Connor Anderson is one of the students affiliated with the dessert disruptors. He said that he’s been loyal to Yeti Yogurt for years now, aggressively pulling out his Your Yeti rewards card during our interview and shoving it in my face.

“You see this shit?” he asked, oblivious to the fact that it was now the only thing in my line of vision. “I’m a Frosty Member. That’s next-level dedication right there. I don’t have a whole lot going for me, but I’ll be damned if Menchie’s takes anything from me.”

Anderson acknowledged he has no plans to physically take action against Menchie’s — “I love frozen yogurt as much as the next guy, but I’m not going to jail over this,” he said — but plans to spend a few hours over the upcoming weeks telling anyone who will listen to him that the Yeti Yogurt versus Menchie’s debate actually matters.

Over at Menchie’s, located within the Simon C’s Convenience Store, customers aren’t necessarily feeling the same obsession with their new treat on campus, but acknowledge it is nice that it’s there.

“It’s perfect just in time for summer!” said Amy Evans. “I’m still kind of bummed I have to take summer courses up here, but it’s much nicer having a Menchie’s than not having one.”

When asked about the FroYo Freedom Fighters, she was taken aback: the group hadn’t yet infiltrated her life in any way, for which she had been thankful.

“I think both places are nice!” she said, remaining blissfully unaware of the gravity of the situation. “I don’t understand why people have to be so weird about these things. It’s just frozen yogurt.”
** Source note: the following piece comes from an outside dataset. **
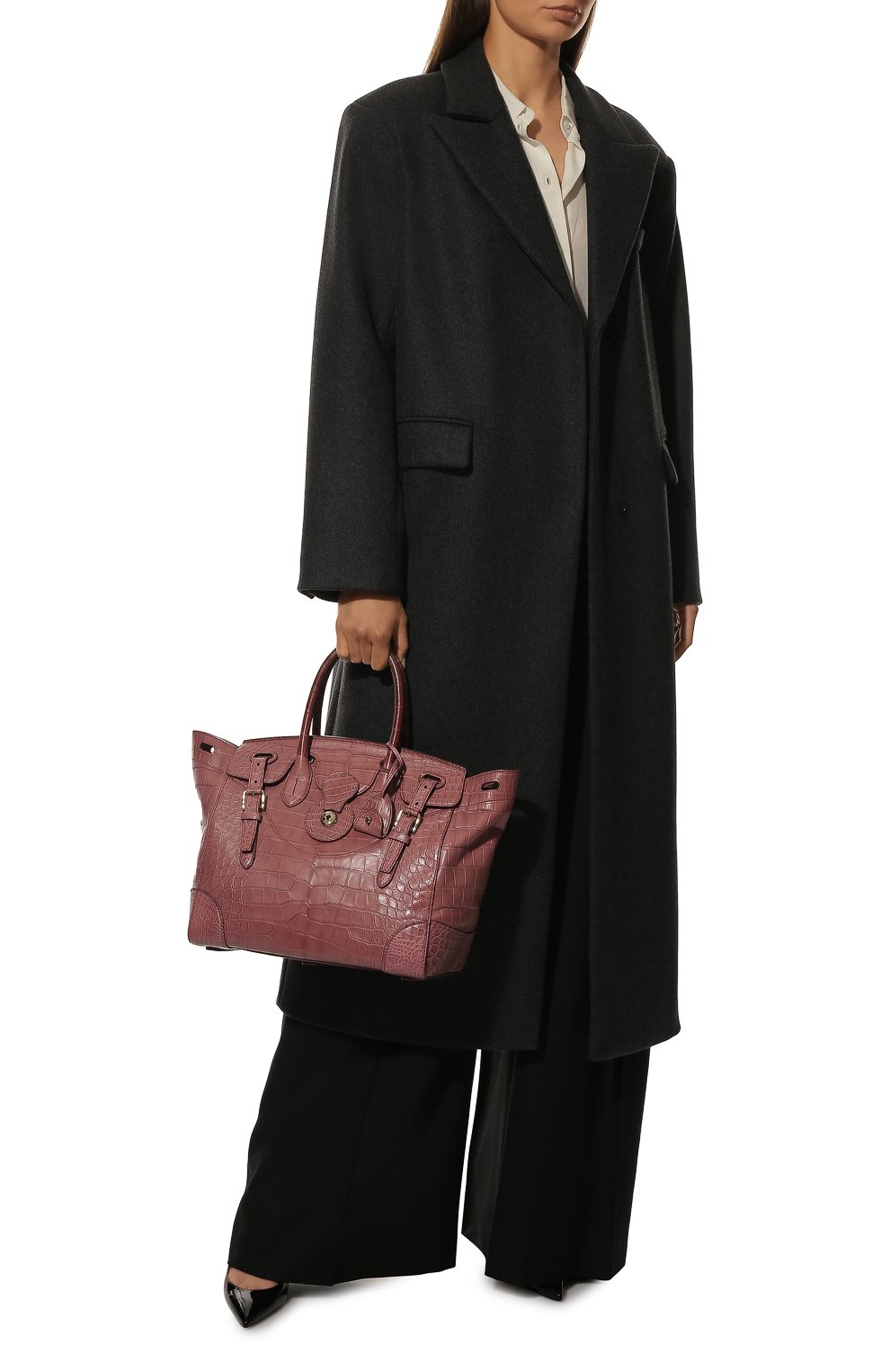 Сумка soft ricky 33 из кожи крокодила RALPH LAUREN, арт. 69H/IAQ73/RMALL, фото 7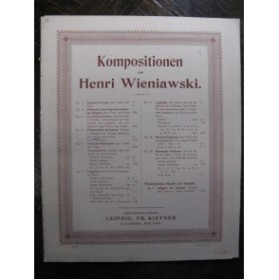 WIENIAWSKI Henri 2 mazurkas Violon Piano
So far, the Menchie’s seems to be a big hit, but is still in the honeymoon phase where anything new to campus is still exciting and hasn’t been tainted yet like most things available to students. Anderson and the rest of the FFFs are trying to hasten that, standing outside the location with picket signs and yelling at potential customers.

“Give it time,” scoffed Anderson. “They’ll come crawling back to the Yeti way.”

 

Meanwhile, the Highland Pub remains closed, which is what everyone on campus really wants open.